The multi-dimensional Venezuelan intervention, its political prelude and aftermath, as well as the accompanying rhetoric of US leadership together expose a system in which legality is invoked selectively if at all, veto power substitutes for accountability, and coercion replaces consent. Venezuela thus becomes a scary metaphor, a case study, and a warning: not of the failure of international law as such, but of its deliberate marginalization by those states with geopolitical pretensions, states deliberately entrusted with managing global security after achieving victory in World War II. To discourage the wholesale dismissal of international law it should be appreciated that international law continues to work for most non-security related interactions across international boundaries. Issues of violation, non-implementation, and impunity relative to global security are where the difficulties of achieving respect for international law are concentrated. This is not new in the history of international relations, but since 1945 and the Nuremberg and Tokyo War Crimes Tribunals has been disguised by pretensions that a new world order emerged when the UN was established. Closer scrutiny of the UN framework reveals that international law was designed to be subordinated to geopolitics whenever serious challenges to global security emerged. Why else confer an unrestricted right of veto on the five principal winners of the war against fascism, which emerged from the struggle as the most powerful and dangerous states, whose power most needed curbing rather than preserving in the Security Council, the only organ in the UN System that could render obligatory decisions. Of course, as it was assumed and piously hoped in 1945 that countries that cooperated so effectively in the just completed war, massively costly in lives, expense, devastation, and human suffering, would continue to work together in peacetime by acting responsibly within the frame of the Charter.

If the Venezuela intervention and subsequent  ‘occupation’  is considered purely from the perspective of international law, this action constitutes a crude, brazen, unlawful and unprovoked recourse to aggressive force, in clear violation of the core norm of the UN Charter, Article 2(4), which reads: “All Members of the United Nations shall refrain in their international relations from the threat or use of force against the territorial integrity or political independence of any state.” The only qualification to this prohibition is set out in Article 51: “Nothing in the present Charter shall impair the inherent right of individual or collective self-defense if an armed attack occurs against a Member of the United Nations.” This flagrant violation of Venezuelan territorial sovereignty and political independence was preceded by years of US sanctions, weeks of explicit threats, and days of lethal attacks on vessels allegedly transporting drugs, as well as seizures of oil tankers carrying to and from Venezuela.
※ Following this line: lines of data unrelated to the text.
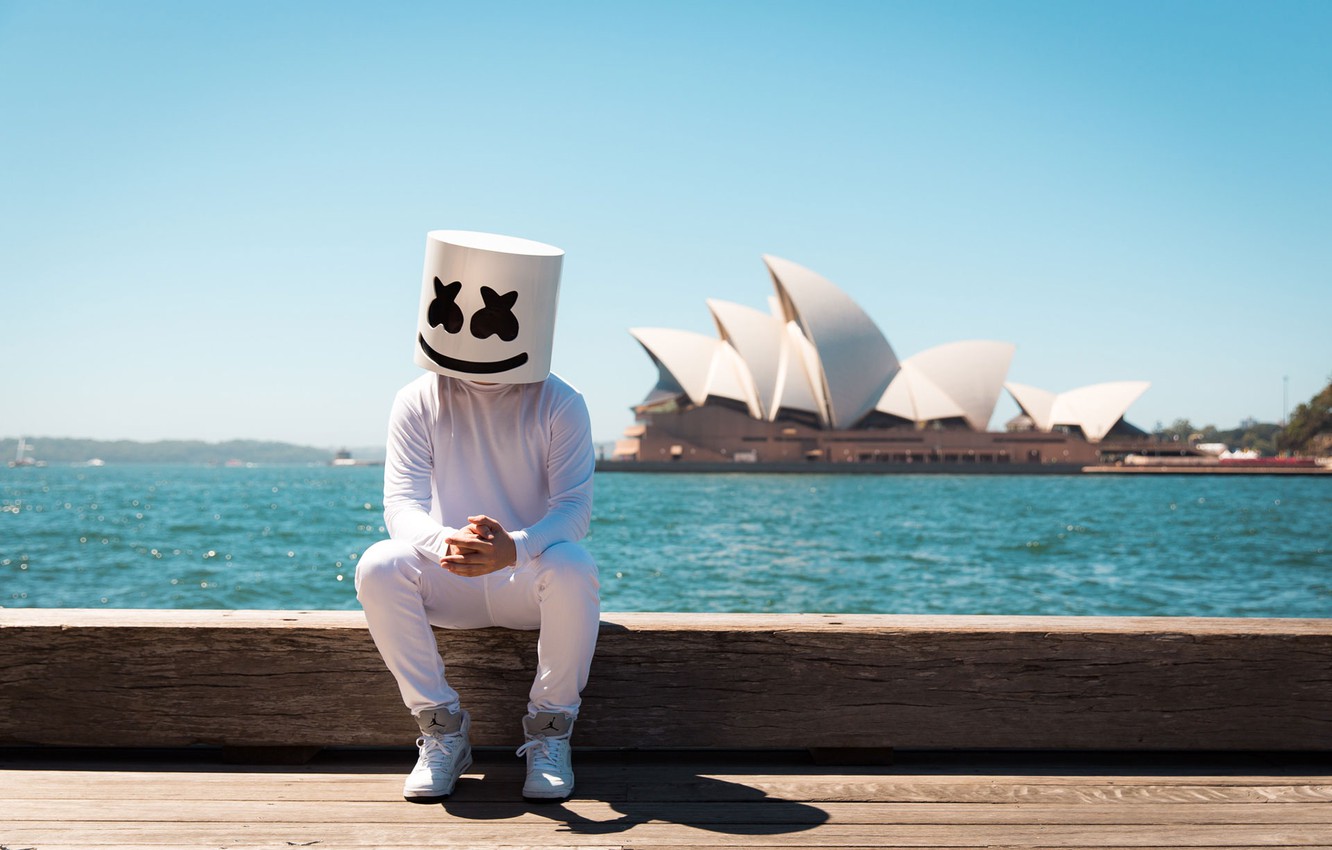 Photo Wallpaper Sea, Water, Dj, Marshmallow, Marshmello - Sydney Opera House - HD Wallpaper 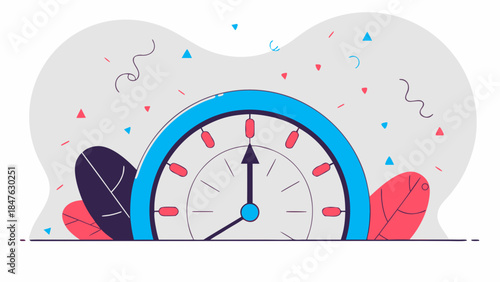 Clock Face Approaching Midnight with Festive Confetti Elements and Stylized Decorations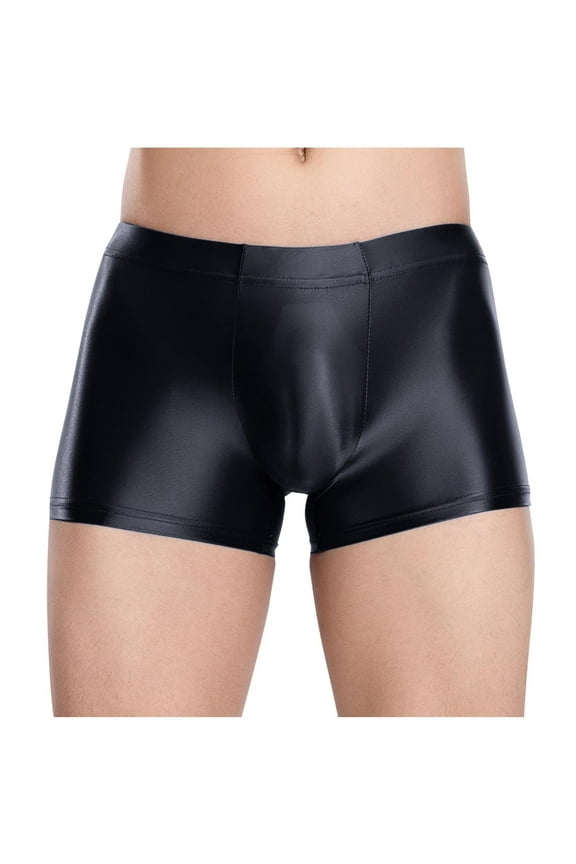 Mens Silk Underwear Plus Size Comfortable Lightweight Stretch Solid Magnetic Boxer Brief Black 2XL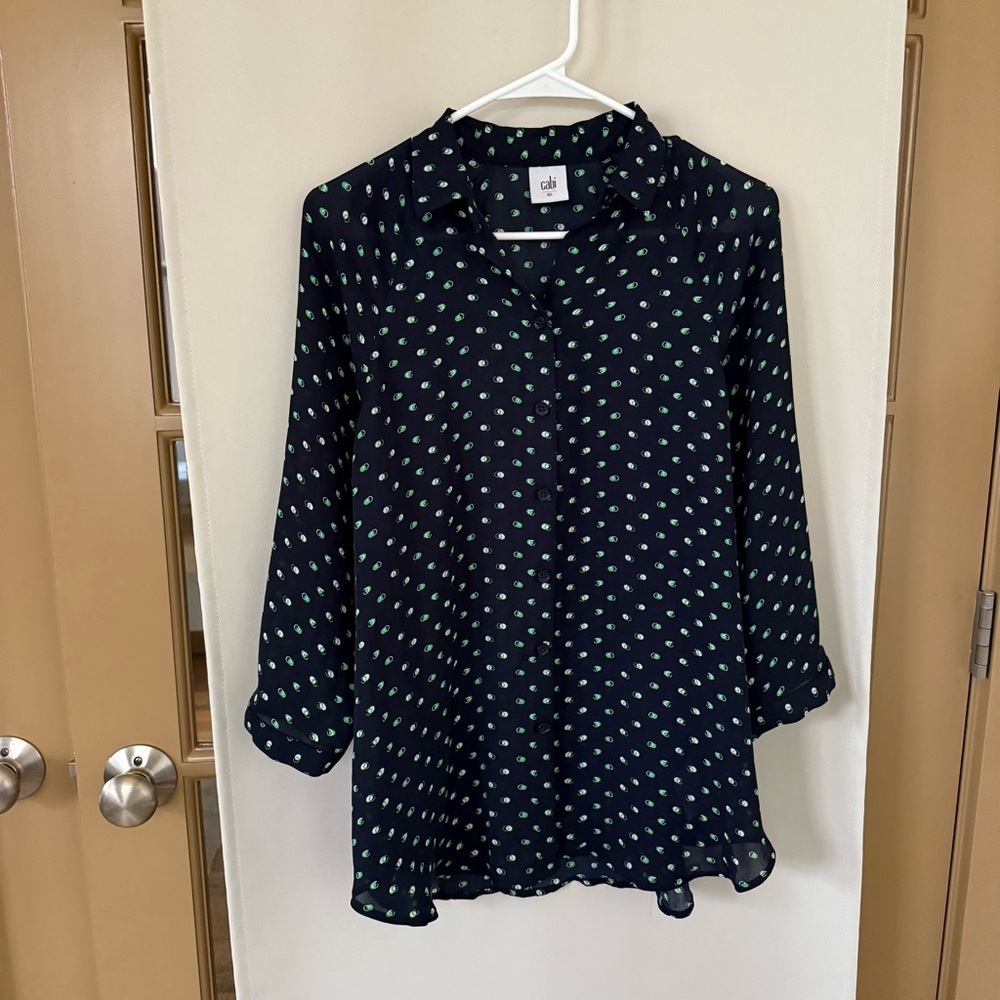 Cabi Womens XS Navy Blue Olive Martini Long Sleeve Button Up‎ Blouse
This unilateral action was further aggravated by the capture of Venezuela’s head of state, Nicolas Maduro, and his wife, Cilia Flores, by US Special Forces, reportedly guided on their sordid mission by CIA operatives. Once seized they were transported to the US in a humiliating fashion to face assorted charges of “narco-terrorism” and unlawful encroachments on foreign property rights in a US federal court, in apparent violation of sovereign immunity. This imperialist mission, openly flaunting the immunity of foreign leaders  and political independence of a sovereign state, was underscored and magnified by President Trump’s declared intentions. Trump openly plans to direct personally Venezuelan policymaking for an indefinite period, ostensibly until the country was “stabilized” sufficiently to restore oil production facilities. This was to done in a manner responsive to goals of maximizing the profitability of major US energy corporations, including Chevron, Exxon Mobil and ConocoPhillips. When asked who was in charge of Venezuela’s governance, Trump responded impatiently, “We are in charge.” This use of ‘We’ is more adequately comprehended by substituting ‘I.’

There is more politically at stake in this drastic reversal of the US Good Neighbor Policy, associated with US Latin American diplomacy since 1933 and the presidency of Franklin D Roosevelt, than initially meets even the most discerning eye. Of course, this commitment to cooperative relations was not upheld. It was periodically undermined in relation to Guatemala’s radical nationalism, Castro’s revolutionary victory in Cuba, Salvador Allende’s electoral triumph in Chile. These and other bumps in the road of a more neighborly atmosphere of mutuality were rationalized as Cold War efforts to preclude ideological footholds being acquired by socialist regimes receptive to developing positive relations with the Soviet Union. More discerning observers also took account of post-1945 US foreign policy agendas that accorded priority to the protection of the profitability of US corporate interests threatened by the rise of Latin American economic nationalism that had for decades been kept in check by ‘gunboat diplomacy.’ In a deeper sense the differences between now and then are the absence of a Cold War veneer that obscured the degree to which US interventions were motivated by economic national interests associated with maintaining high rates of profitability for foreign investors. It is also meant holding the line against advocates of economic nationalism that the UN General Assembly blessed by resolutions on Permanent Sovereignty over Natural Resources [UNGA Res 1803( 1962) and the Declaration on the Right to Development [UNGA Res 41/128].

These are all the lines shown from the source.